Node library for mapping CSV files with flexible YAML DSL for the mapping definition

MIT License

16 stars 2 forks source link

Improve memory efficiency of lookup in external CSV files #5

Closed nkuehn closed 8 years ago

nkuehn commented 9 years ago

In this mapping job https://github.com/nkuehn/sphere-icecat-importer/blob/master/mapping_categories.yaml
the memory used by the csv-mapper explodes quickly because of the large number of lookups in external csv files (which are dynamic data with thousands of lines and can therefore not be included as inline maps). It would be cool if that were not the case but probably tricky as the external lookup CSVs are all different.

OlegIlyenko commented 9 years ago

The lookup value transformer was designed for lookup tables that fit into the memory. The reason for this is that all transformed rows need to access the lookup table at random.

If you have a big lookup dataset then maybe something like a relational database would be a better fit. They were designed to handling large sets of data and especially relations between different entities (joins).
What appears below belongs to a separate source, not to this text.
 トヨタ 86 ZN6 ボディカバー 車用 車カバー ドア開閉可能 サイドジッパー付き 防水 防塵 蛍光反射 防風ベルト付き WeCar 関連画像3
If your dataset it too big for modern relation databases (like postges), then I would suggest something like hadoop + spark.
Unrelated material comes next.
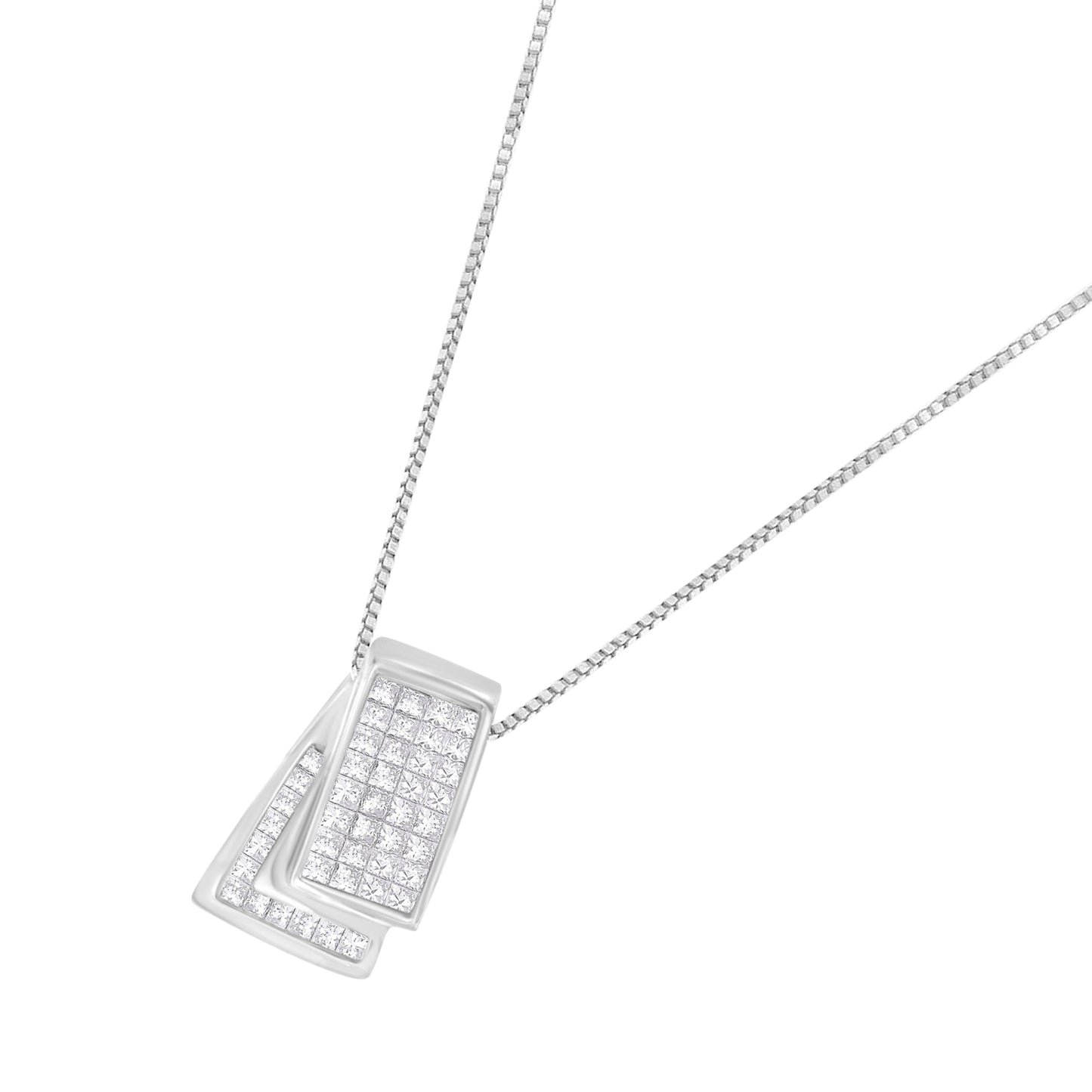 Collar de Pendiente de Caja de Diamantes de Oro Blanco de 14KT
OlegIlyenko commented 9 years ago

One of the possibilities would be to implement new value transformer which is similar to lookup one, but uses some relation or no-sql DB to lookup the values (possibly with caching layer on top of it). But I feel that it's out of the scope of this particular project.

The value transformer mechanism was designed to be open and extensible, so you can easily implement some use-case specific value transformers. I would recommend you to look at https://github.com/sphereio/sphere-product-mapper as an example of it. It defines several application-specific transformers which use SPHERE.IO API to produce values.

nkuehn commented 9 years ago

You mean this one: https://github.com/sphereio/sphere-product-mapper/blob/master/src/coffee/sphere_transformer.coffee
I hoped to be able to skip the coffescript era...

@OlegIlyenko could you point me to the place in the code where the CSVs are loaded and their in-memory representation is built? That's usually the place where the memory inefficiencies are to be found (the memory usage is multiple times higher than the size of the files loaded).

OlegIlyenko commented 9 years ago

Yes, sphere_transformer.coffee defines sphere-specific value transformars.

You can find lookup CSV loading code here:

https://github.com/sphereio/csv-mapper/blob/master/src/coffee/transformer.coffee#L244

nkuehn commented 9 years ago

thanks. One Idea: instad of loading the full file into a "contents" variable and then additionally creating arrays of every column as "data" we could stream-extract just the key column and the value column into a Map object and neither keep the whole file nor the unused columns in memory. As a side effect, that would make the mapping itself faster, too ( https://github.com/sphereio/csv-mapper/blob/master/src/coffee/transformer.coffee#L270 looks like it does a full scan on every lookup)

Am I getting the code right? Coffeescript noob, you know.

OlegIlyenko commented 9 years ago

Yes, you are right. it would be a good improvement for big lookup tables.